Sébastien Boisgérault schreef op 6/03/2018 10:23:
I had a look at the AIS message format from your link(https://en.wikipedia.org/wiki/Automatic_identification_system#Message_format) and this seems to be a nice use case; all the data components seem to be nicely aligned on the byte boundary ... until you see that the payload uses ASCII6(*), which I didn't know about.
Thanks again for the info!

ASCII6 is only the first layer where your Bitstream could be useful. It's the easy part :).

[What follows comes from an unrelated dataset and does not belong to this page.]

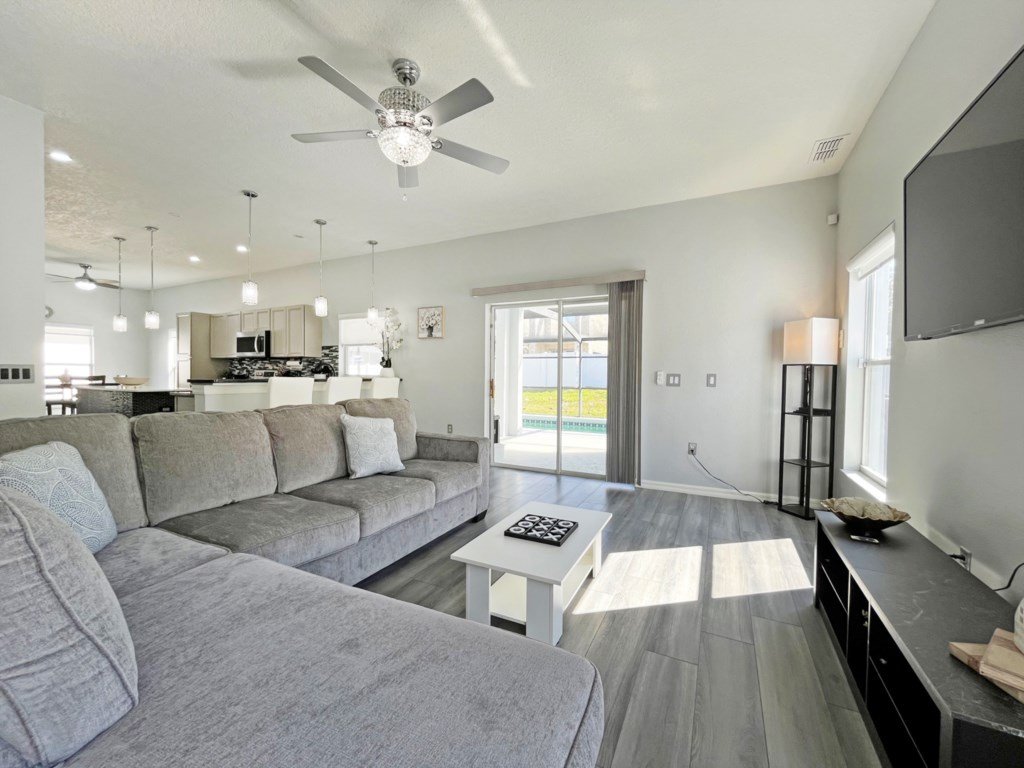 Paradise Point Vacation Rental in Davenport - RedAwning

The main work comes after that: decoding ASCII6 results in binary data which we need to decode into AIS messages. You can see the most important ones at https://navcen.uscg.gov/?pageName=AISMessagesA and https://navcen.uscg.gov/?pageName=AISMessagesAStatic but there are many more.

So for each message we first extract the first 6 bits, which tells us the message identifier. What we need to do afterwards depends on that message identifier. The links above describe how to deal with messages 1, 2 and 3 (they are identical except for the message identifier; I don't know why there are 3 instead of just one) and 5. Basically it's things like 2 bits for this, next 30 bits for that, etc. That's where I'm hoping your Bitstream can really shine.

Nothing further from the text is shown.